The Sandbox UI includes built-in diagnostic checks accessible from the Container tab. Click Run Diagnostics to verify the container is functioning correctly.

CheckWhat It Verifies
ExecCan execute commands in the container
NATOutbound network connectivity
Agent UserAgent's Linux user exists and can run commands
APKPackage manager is functional
Vsock BridgeHost API bridge is reachable from the container

Container Management

Start / Stop

  • Start — Boots the container (provisions first if needed)
  • Stop — Gracefully shuts down the container

Reset

Removes the container and re-provisions from scratch. All agent workspaces and installed plugins are preserved (they live in the VirtioFS-mounted /workspace).

Remove

Completely removes the container and all associated assets (kernel, init filesystem). Agent workspaces are preserved.
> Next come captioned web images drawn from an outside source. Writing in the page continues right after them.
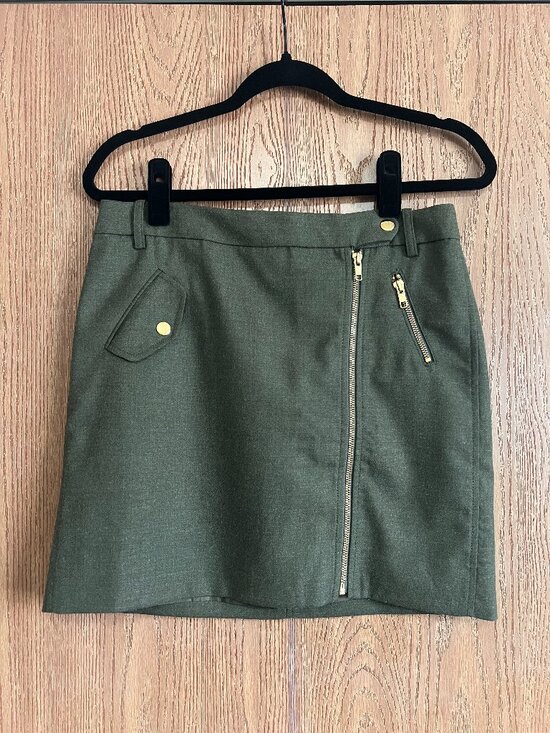 J. Crew Dresses & Skirts - J.Crew Wool Blend Olive Green Mini Skirt Size 4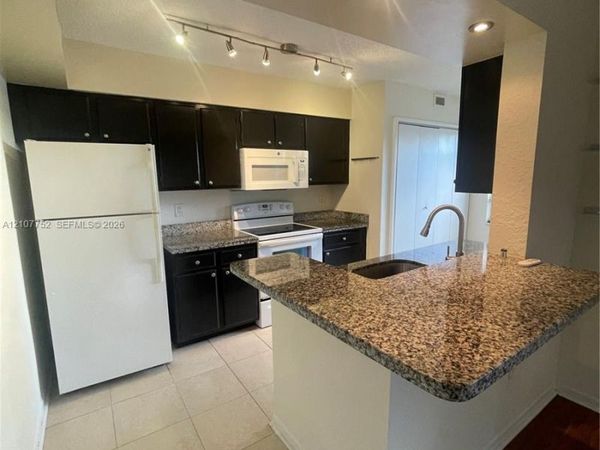 2831 N Oakland Forest Dr , Unit 211, Oakland Park, FL 33309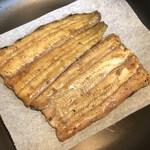 鰻はし本 - クッキングシートで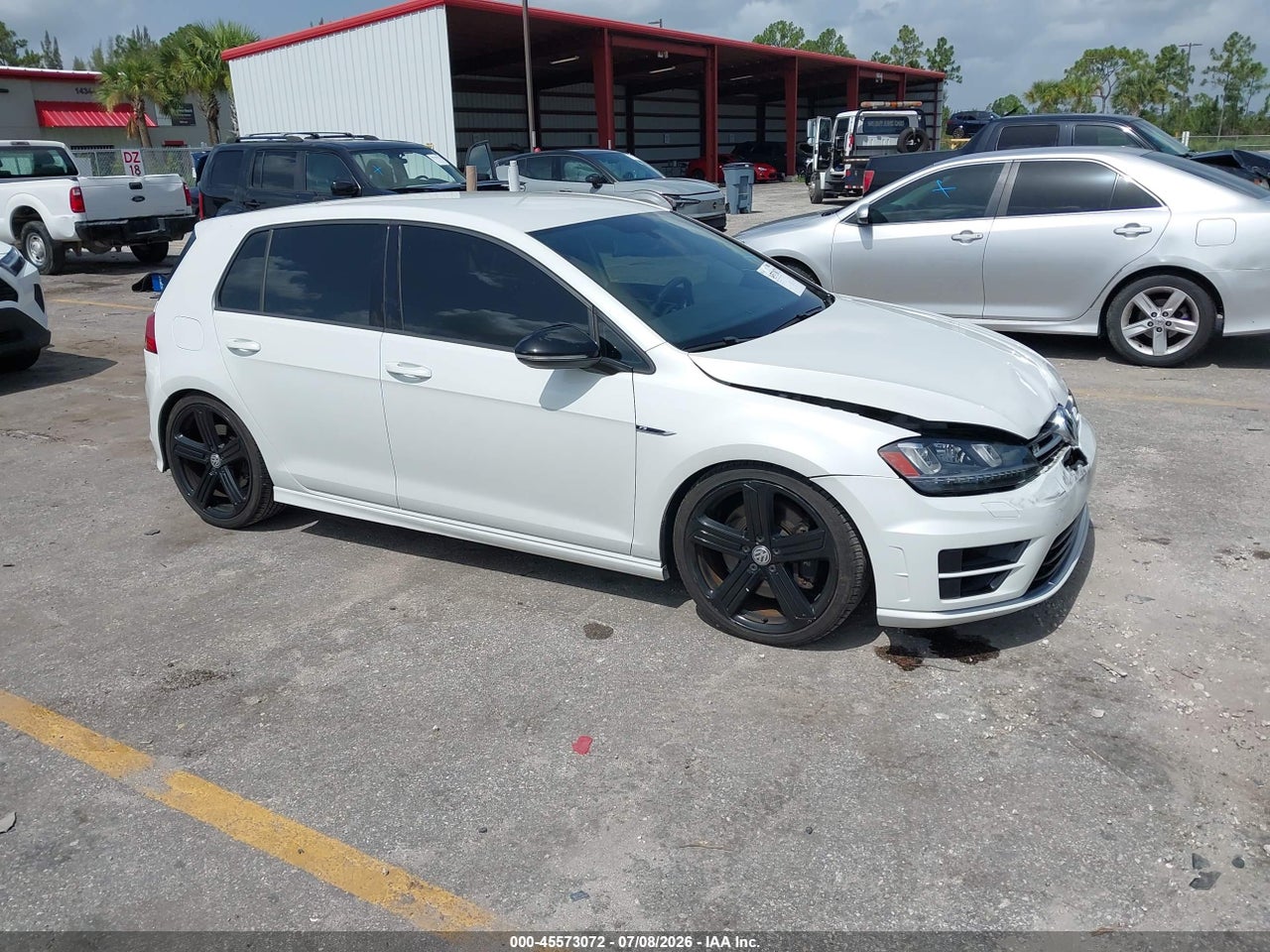 WVWUF7AU9GW****** · 2016 VOLKSWAGEN GOLF R 4-DOOR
Access these operations from the Container tab → Danger Zone section.

Storage Paths

PathDescription
~/.osaurus/container/Container root directory
~/.osaurus/container/kernel/vmlinuxLinux kernel
~/.osaurus/container/initfs.ext4Initial filesystem
~/.osaurus/container/workspace/Mounted as /workspace in the VM
~/.osaurus/container/workspace/agents/{name}/Per-agent home directory
~/.osaurus/container/output/Mounted as /output in the VM
~/.osaurus/sandbox-plugins/Plugin library (JSON recipes)
~/.osaurus/agents/{agentId}/sandbox-plugins/installed.jsonPer-agent installed plugin records
~/.osaurus/config/sandbox.jsonSandbox configuration
~/.osaurus/config/sandbox-agent-map.jsonLinux username to agent UUID mapping

For agent-specific sandbox configuration, see the Agents guide. For plugin development outside the sandbox, see the Plugin Authoring Guide.